__WORK TASK__: Any pictures in the records below must be left out when you repeat the lines from the line containing "Photo - 7320 Hawthorn Ave Unit 207" through the line containing "3 Սենյականոց Բնակարան" exactly.

__INFORMATION SUPPLIED__:
· · ·

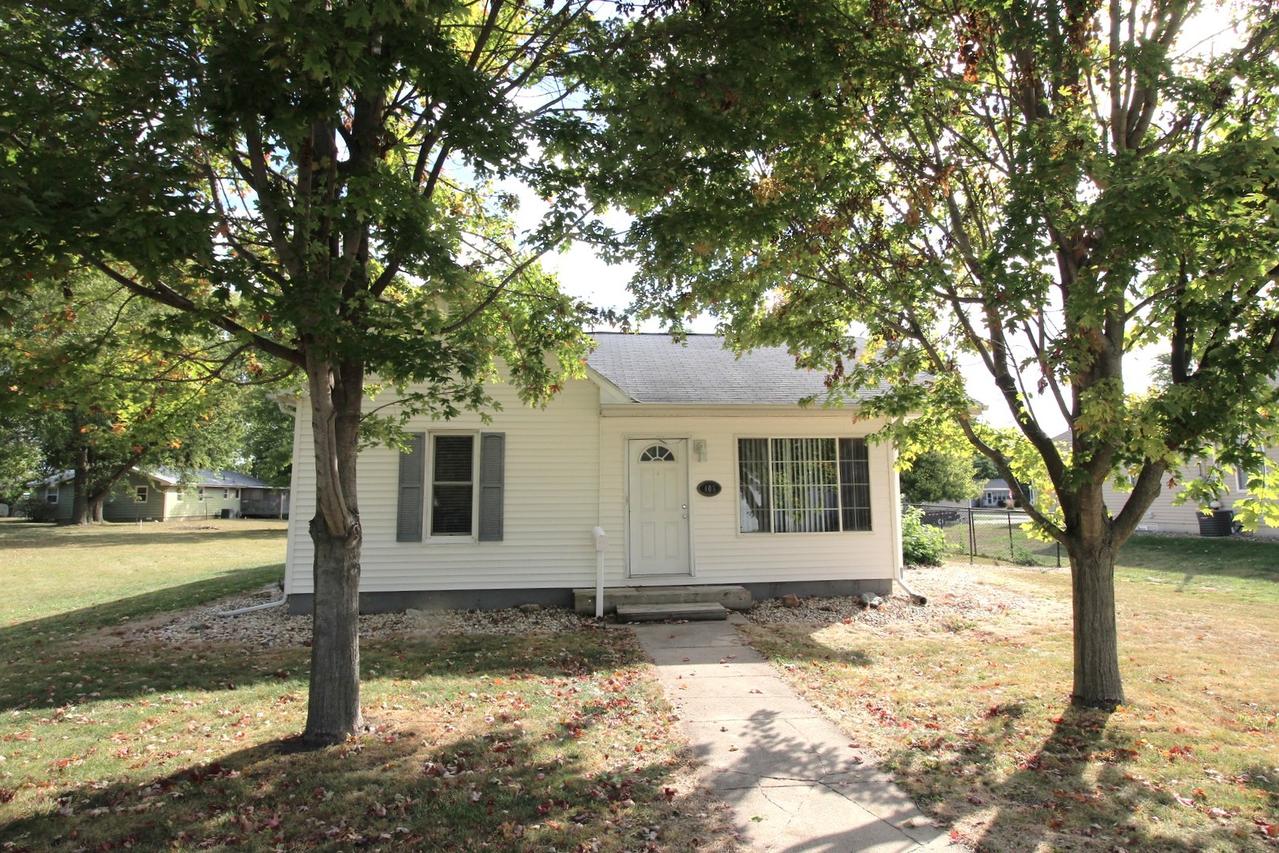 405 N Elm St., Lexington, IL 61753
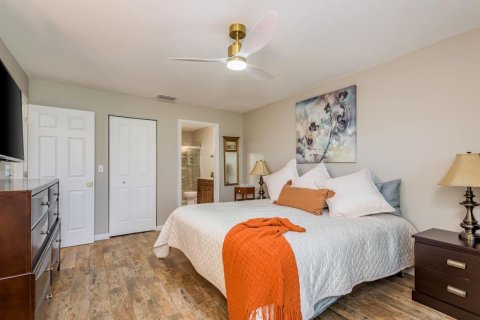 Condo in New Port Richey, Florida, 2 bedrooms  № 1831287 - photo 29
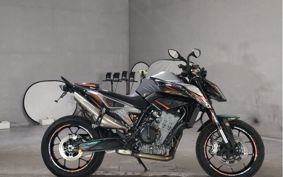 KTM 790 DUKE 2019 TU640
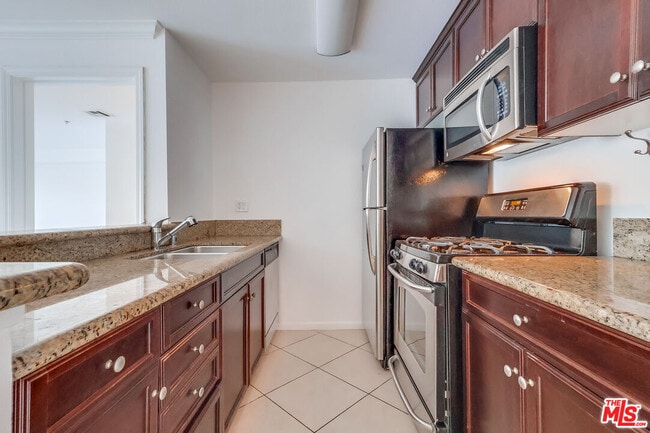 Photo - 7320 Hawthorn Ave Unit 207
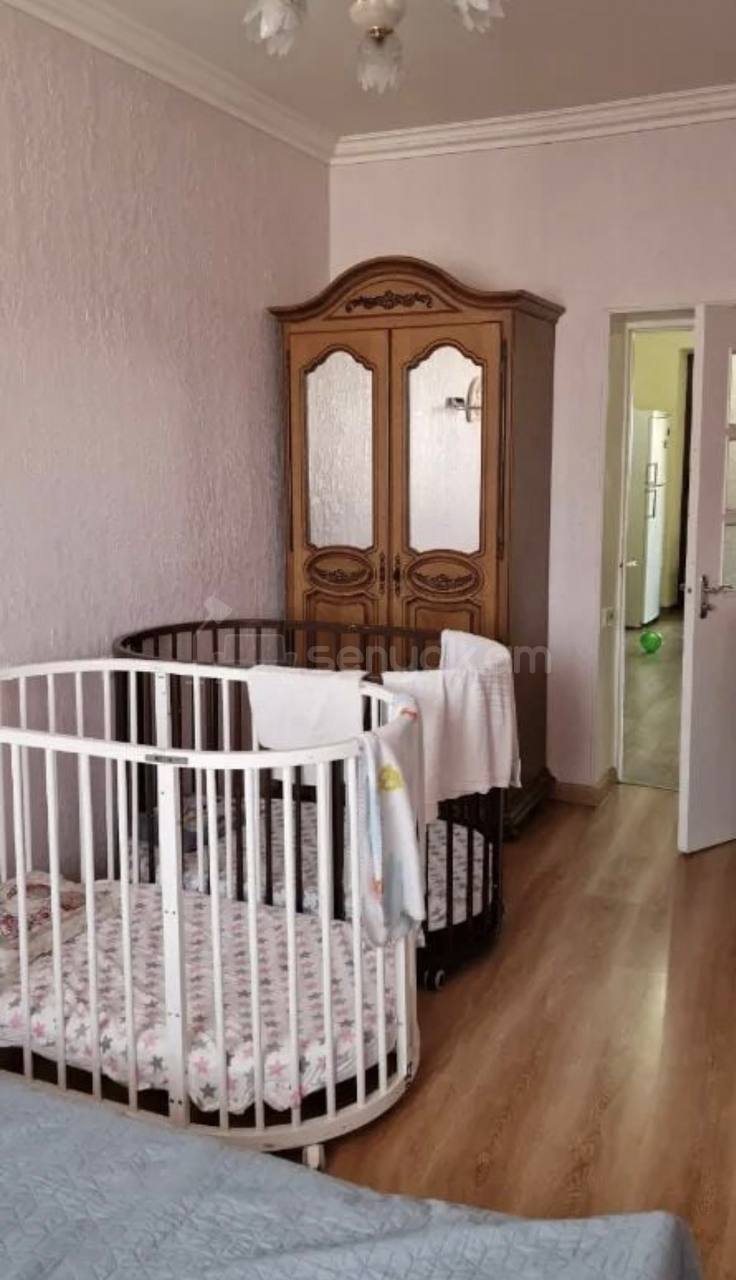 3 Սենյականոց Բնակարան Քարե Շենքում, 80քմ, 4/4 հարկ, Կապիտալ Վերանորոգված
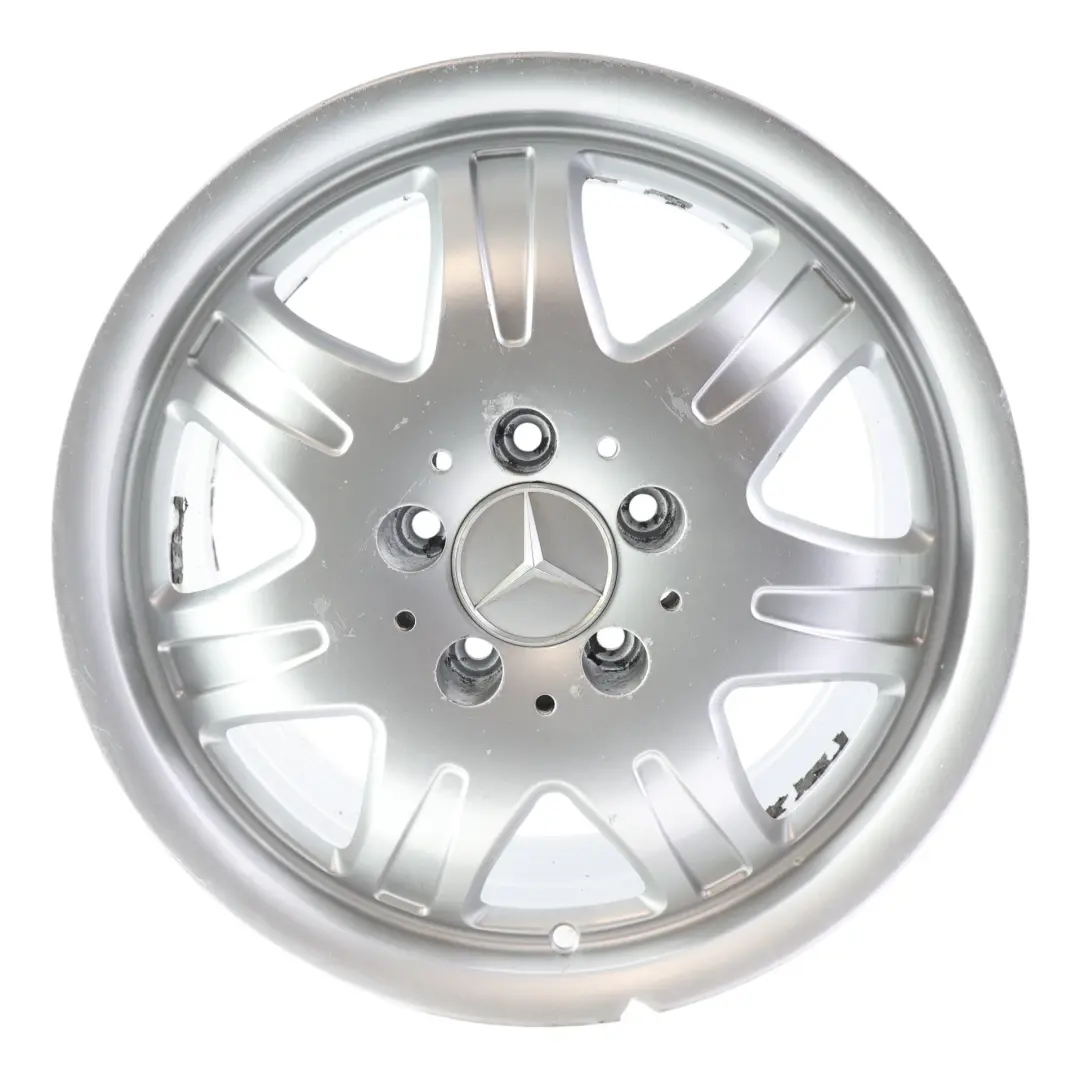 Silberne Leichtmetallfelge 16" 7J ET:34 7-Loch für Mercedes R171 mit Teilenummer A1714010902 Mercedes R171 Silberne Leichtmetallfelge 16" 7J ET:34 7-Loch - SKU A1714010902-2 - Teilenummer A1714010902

· · ·

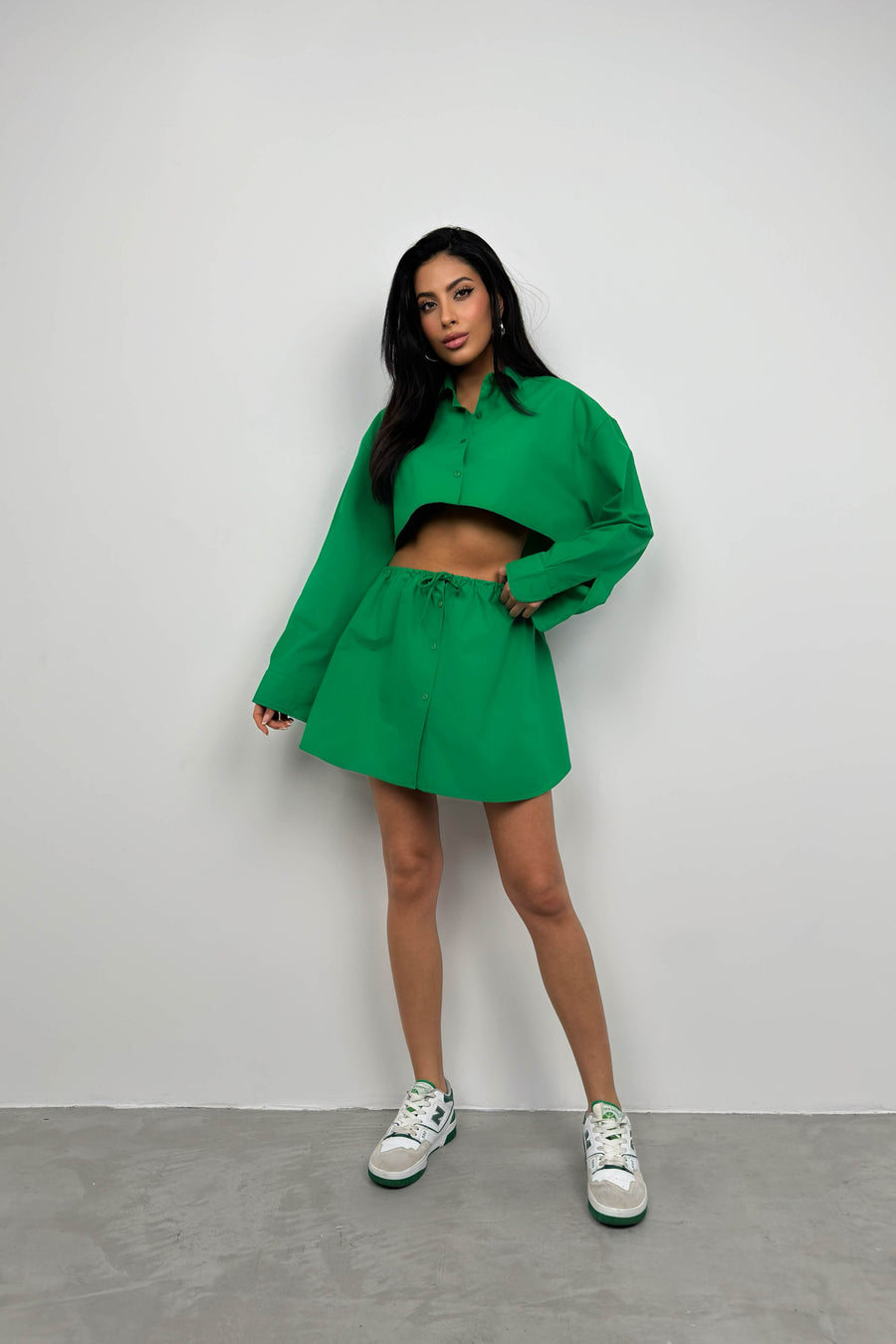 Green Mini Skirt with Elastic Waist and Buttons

· · ·

__SOLUTION FOR THIS PROBLEM__:
 Photo - 7320 Hawthorn Ave Unit 207
 3 Սենյականոց Բնակարան Քարե Շենքում, 80քմ, 4/4 հարկ, Կապիտալ Վերանորոգված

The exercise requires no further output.